Servida a frio a entrada aperitiva, Isabel dos Santos retomou os seus “joguinhos psicológicos”, eventualmente, ensaiados com representantes da sua defesa, contra instituições de justiça, nomeadamente o tribunal (o juíz de garantias) que dirigiu a instrução contraditória.
Como sempre, foi à Rádio Essencial, ligada a interesses de “Jenu dos Xantus & Compania”.
A engenheira acusou o juiz que dirigiu a instrução contraditória, e pronunciou a engenheira por sete dos 11 crimes de que vinha acusada pelo Ministério Público (MP), de rejeitar ouvi-la, de examinar provas que acha bastante, etc..
“Coitadinha, mas é a justiça em Angola, isso não se faz à outra, é justiça selectiva, e não restaurativa, e agora até a guarda dos filhos tentaram retirar dela…”. Não é nada disso, tecnicamente.
E nessa da guarda dos filhos, o pior foi o jornalista. Diante dessa revelação, o jornalista não perguntou “como”, se foi no mesmo processo, com que fundamento, qual o nexo entre uma coisa e outra coisa… Nada.

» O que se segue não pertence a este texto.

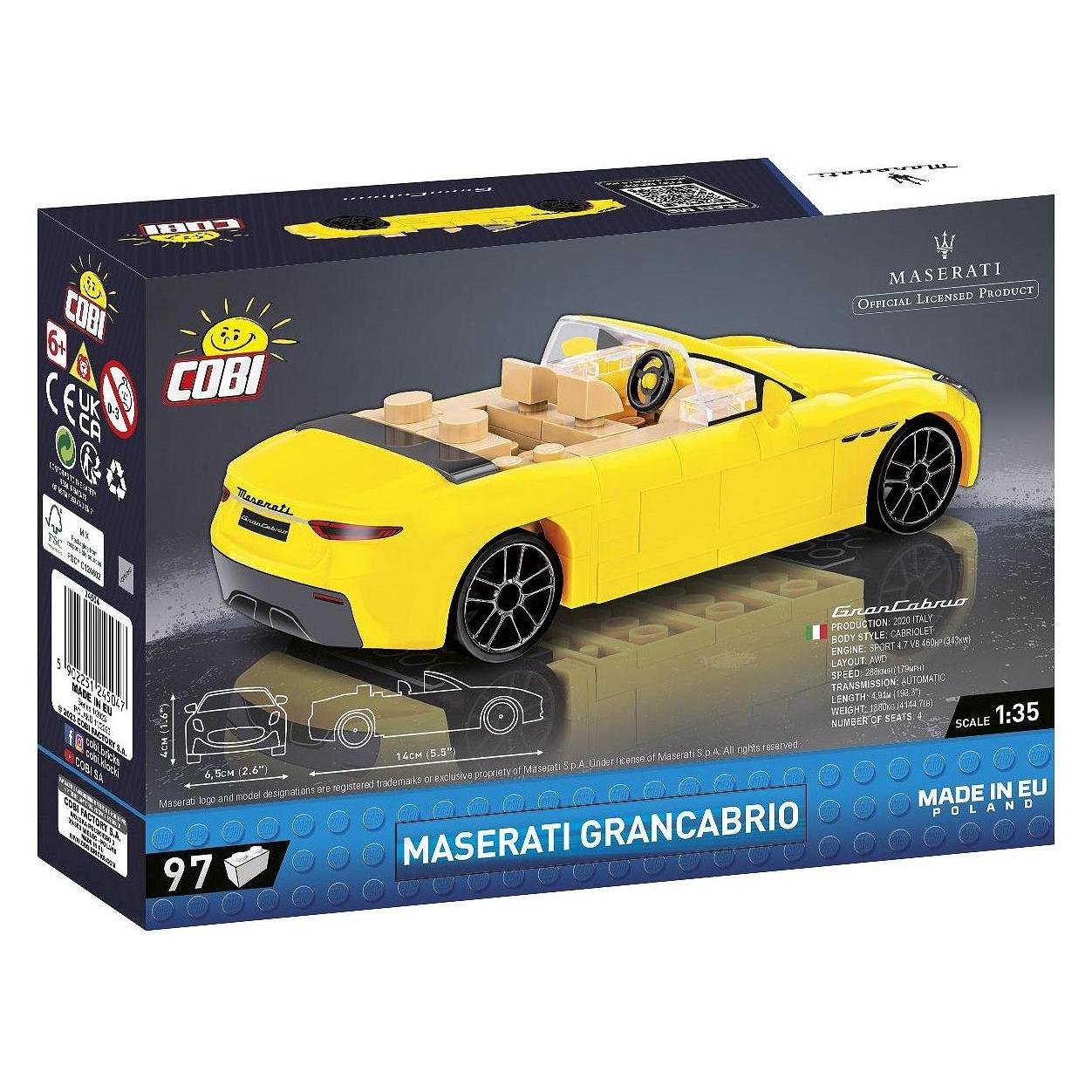 Cobi Bausatz Maserati Grancabrio 97T (24504)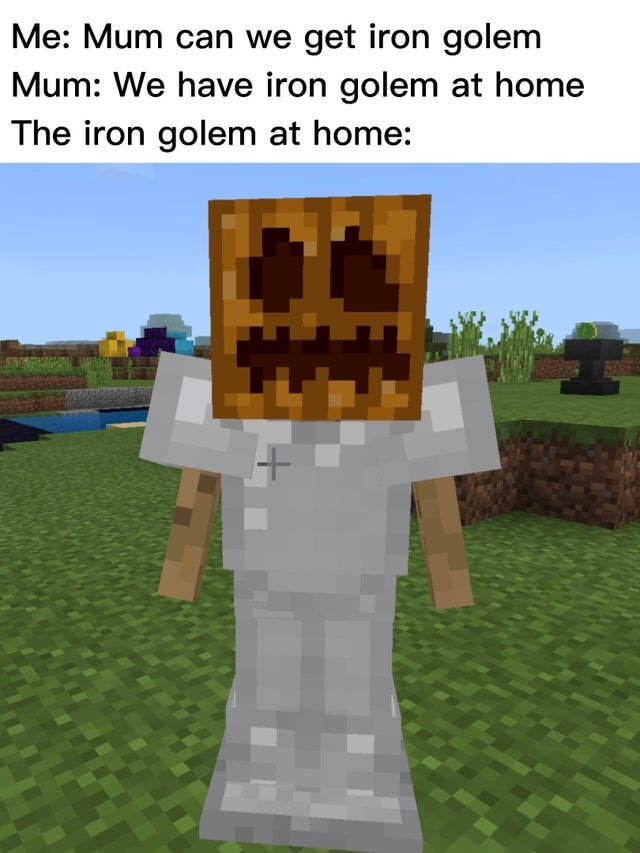 Minecraft Meme Iron Golem Wallpaper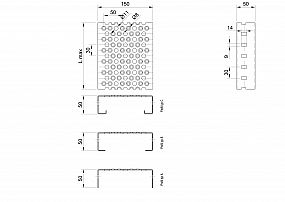 Profilové rošty PRU-150-50/2,5 - ocel-zinkovaná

Estava “mbora” ali com as bochechas e o bigode dele a ouvir a senhora dizer coisas que não combinam.
Bem, pode ser da “combina”, do tipo “vou falar e você ouve apenas”. Enfim, preparação ou falta dela.

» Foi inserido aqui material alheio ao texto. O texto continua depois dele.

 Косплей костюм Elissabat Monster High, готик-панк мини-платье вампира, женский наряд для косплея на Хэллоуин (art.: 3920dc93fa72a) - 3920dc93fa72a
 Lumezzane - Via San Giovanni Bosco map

Em relação a falta de audição à arguida, a boa doutrina do professor catedrático da Universidade Católica Lusitana, Germano Marques da Silva, amplamente aceite entre nós, e fundamentada na lei, diz que os actos de instrução contraditória não admite contraditório, embora o nome indique.
Nem deles participam os requerentes desta sub-fase processual. Estes actos são, por serem mesmo de instrução, secretos (sem contraditório) e unilaterais (só um juiz dirige). Nos actos de instrução só o debate preliminar contraditório admite contraditório.

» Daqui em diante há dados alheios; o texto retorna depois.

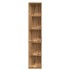 Mueble de esquina madera ingeniería roble artisan 33x33x165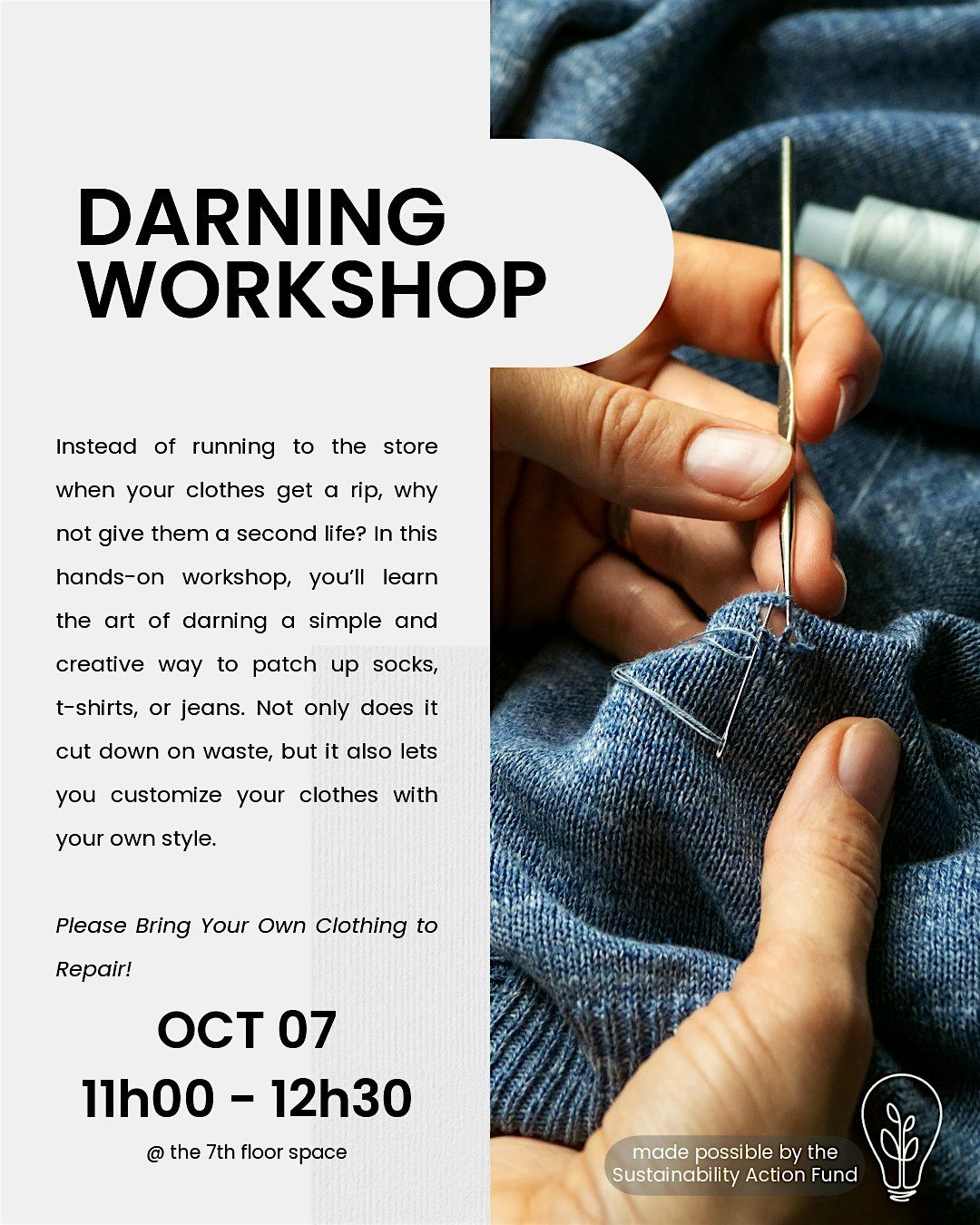 Darning Workshop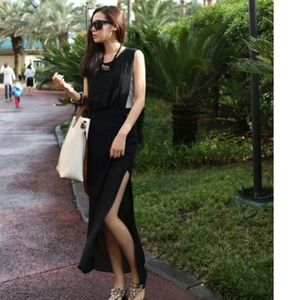 Black maxi long dress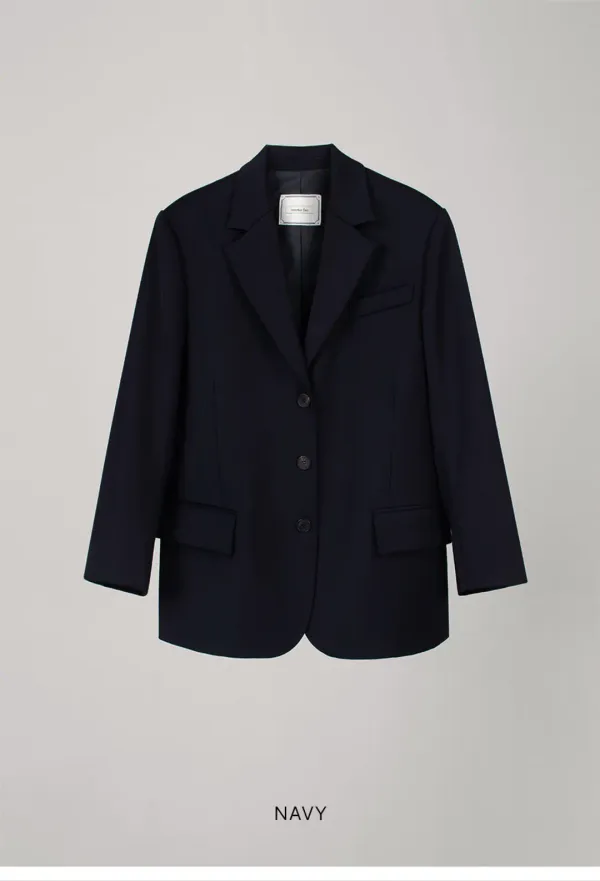 WOOL SINGLE JACKET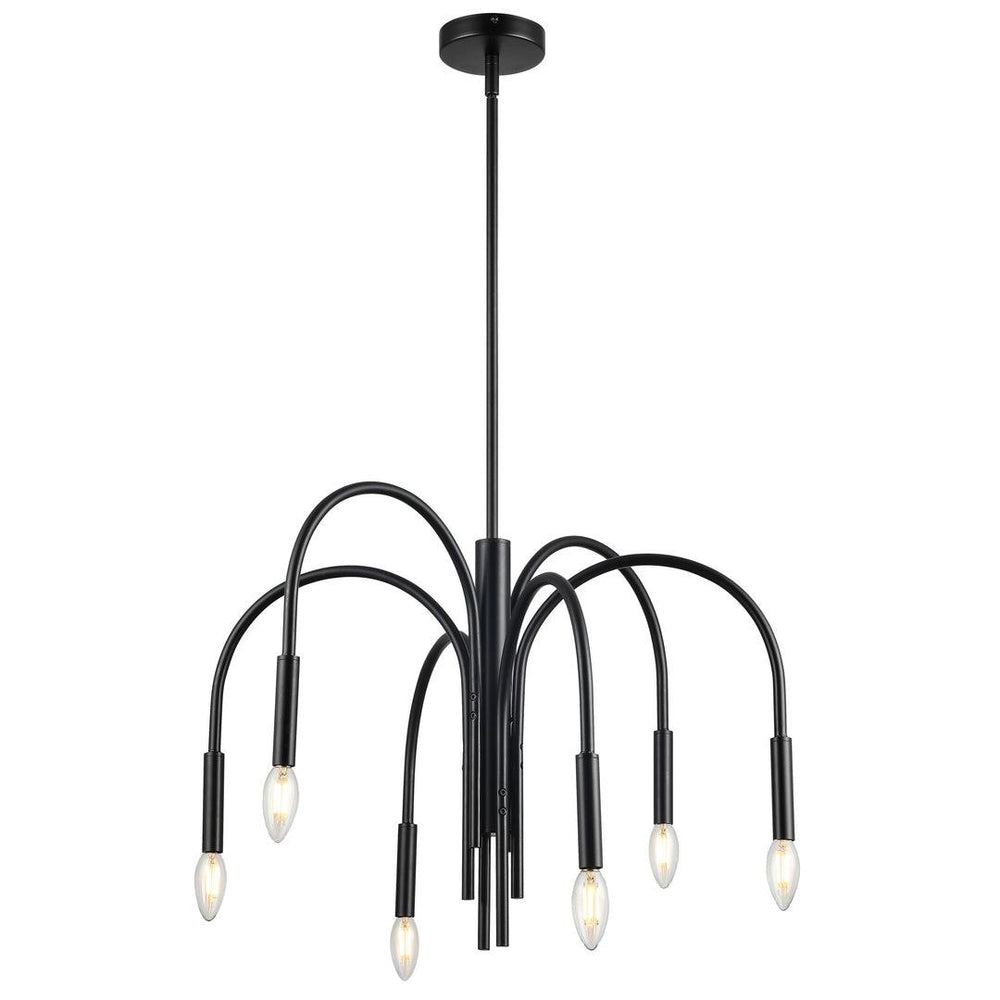Steel Arch Arm Chandelier - LV LIGHTING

Por isso, o requerente destes actos deve indicar, no requerimento de prova, quais os factos a que os actos de instrução contraditória respeitam, e deve fazê-lo de modo que o juiz de garantias possa entender, desde logo, qual a razão e relevância do requerimento do acto, e o tipo de questões que importa esclarecer, para a realização das finalidades da instrução contraditória.
E a explicação do exímio professor Germano Marques da Silva, no livro Processo Penal III, muito citado em sentenças e acórdãos em Angola, pelo seu labor nestas matérias, responde a seguinte pergunta: O que aconteceria se os actos de instrução contraditória fossem contraditórios?
Se os actos de instrução fossem contraditórios, o requerente, participando activamente no acto, poderia sempre, no decurso do interrogatório, requerer ao juiz de garantias que fizesse determinada pergunta; que confrontasse uma testemunha com determinado documento; e que acareasse testemunhas, etc..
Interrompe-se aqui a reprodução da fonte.